▶ **ACTIVITY**: Return every line of the records below verbatim, with no pictures in the copy.

——————

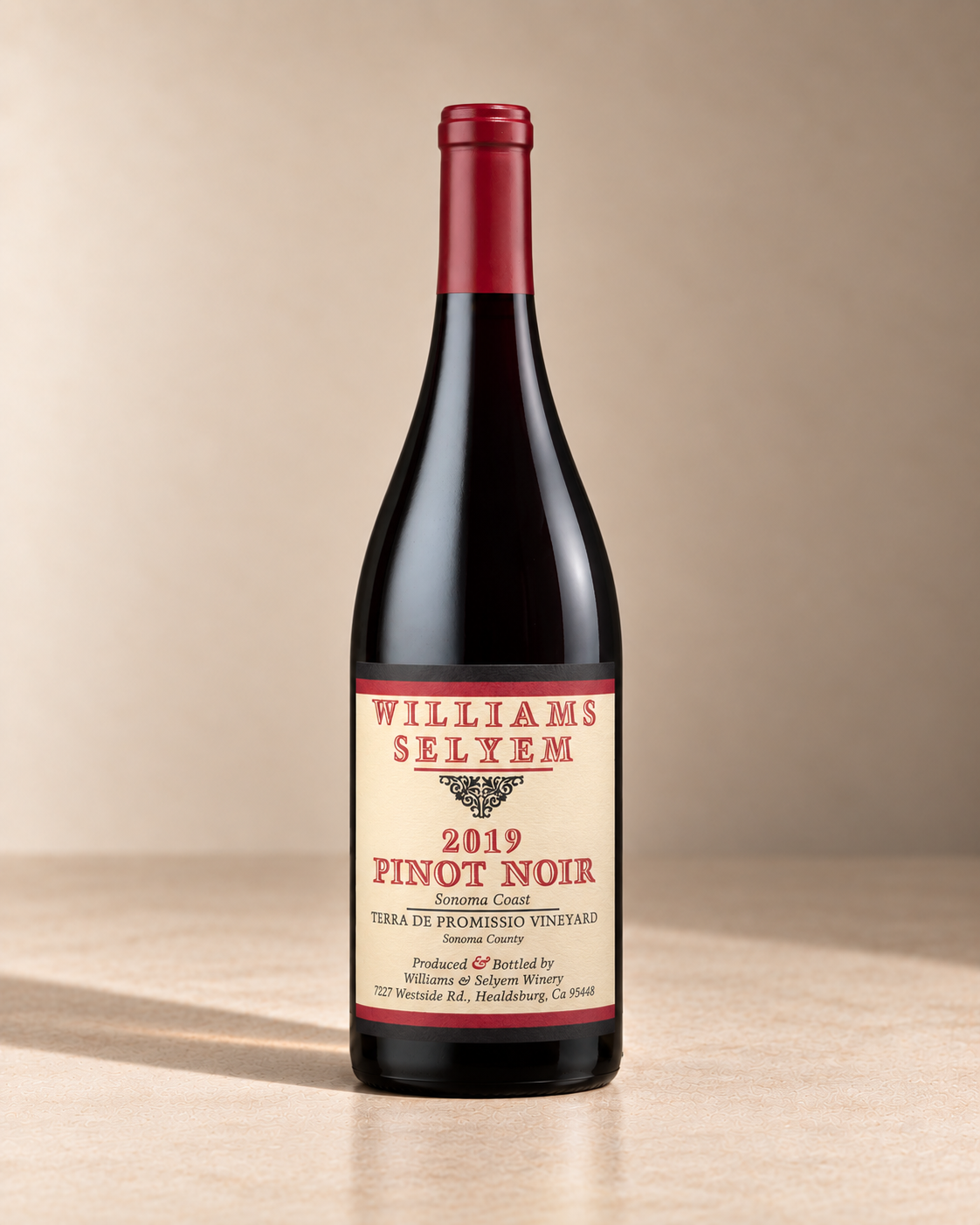 'Sonoma Coast' Pinot Noir 2019 single wine bottle on a warm beige studio background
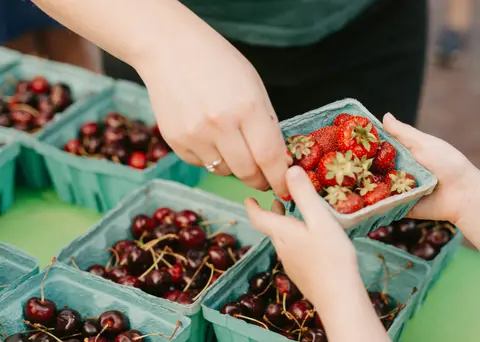 A person handing a basket of strawberries to another person over a table filled with fruit baskets.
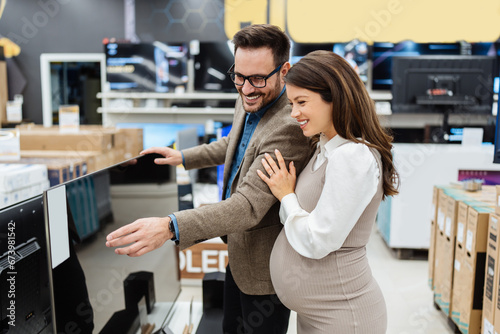 Beautiful and happy middle age couple buying consumer tech products in modern home appliances store. They are choosing home theater and TV devices. People and consumerism concept.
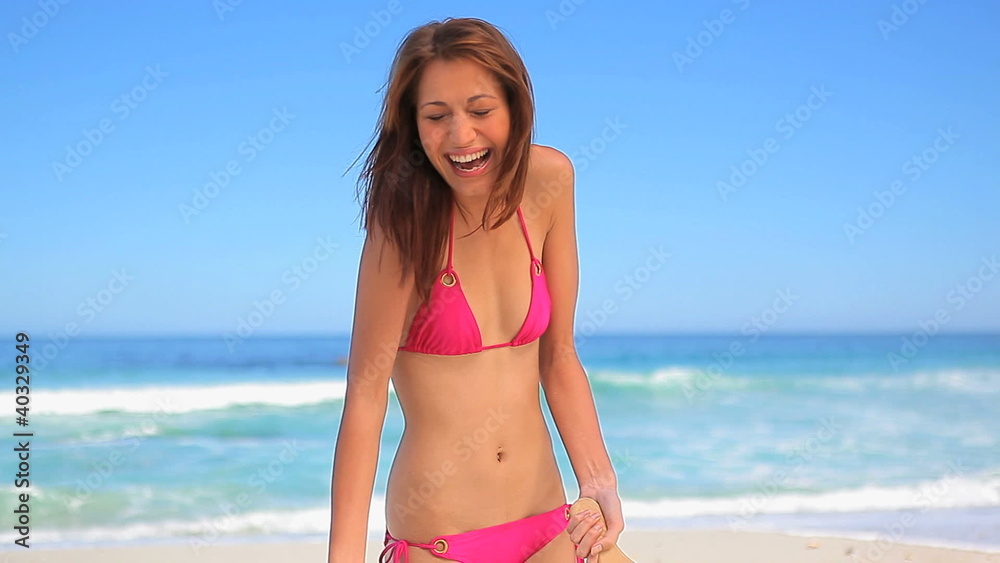 Happy brunette holding beach paddles Happy brunette holding beach paddles
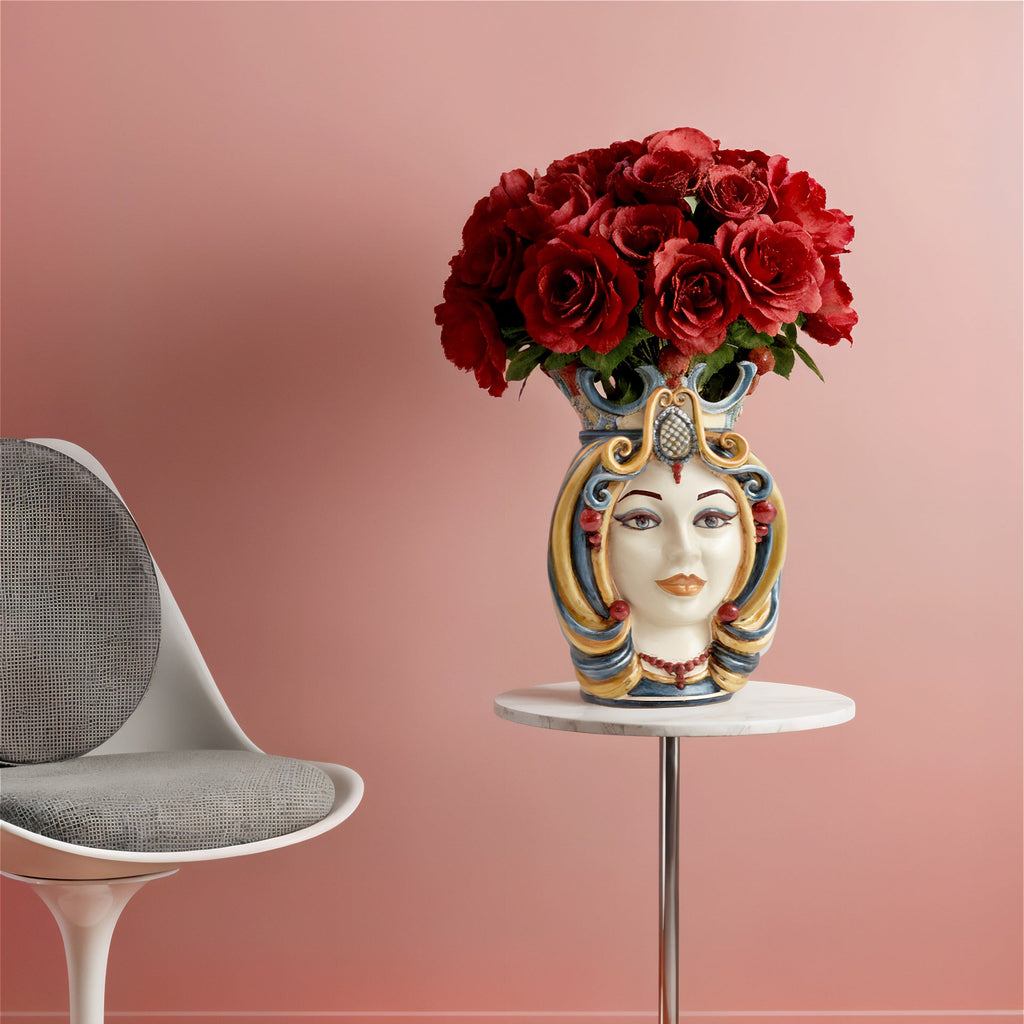 Handcrafted Teste di Moro vase with red roses, blending Sicilian tradition and modern decor on a marble table.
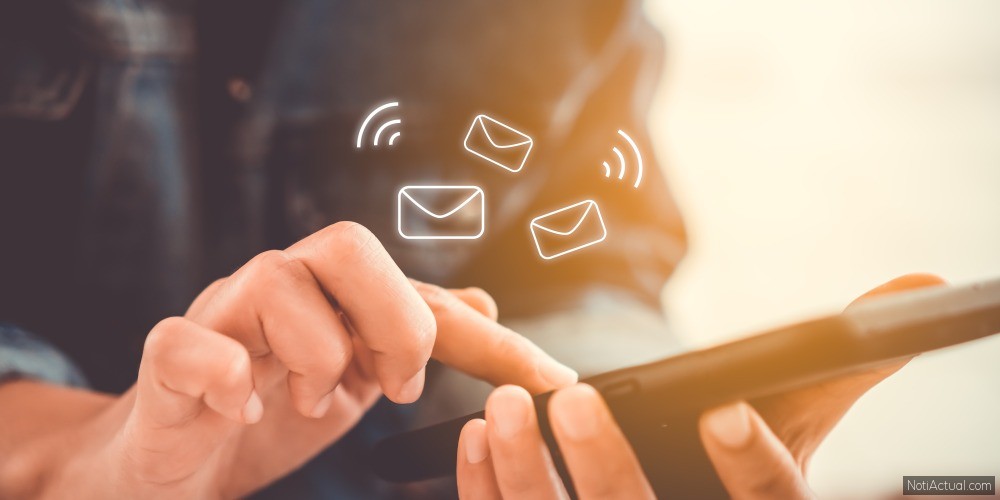 Woman hand using smartphone to send and recieve email. Business communication technology concept.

——————

▶ **TASK ANSWER**:
 'Sonoma Coast' Pinot Noir 2019 single wine bottle on a warm beige studio background
 A person handing a basket of strawberries to another person over a table filled with fruit baskets.
 Beautiful and happy middle age couple buying consumer tech products in modern home appliances store. They are choosing home theater and TV devices. People and consumerism concept.
 Happy brunette holding beach paddles Happy brunette holding beach paddles
 Handcrafted Teste di Moro vase with red roses, blending Sicilian tradition and modern decor on a marble table.
 Woman hand using smartphone to send and recieve email. Business communication technology concept.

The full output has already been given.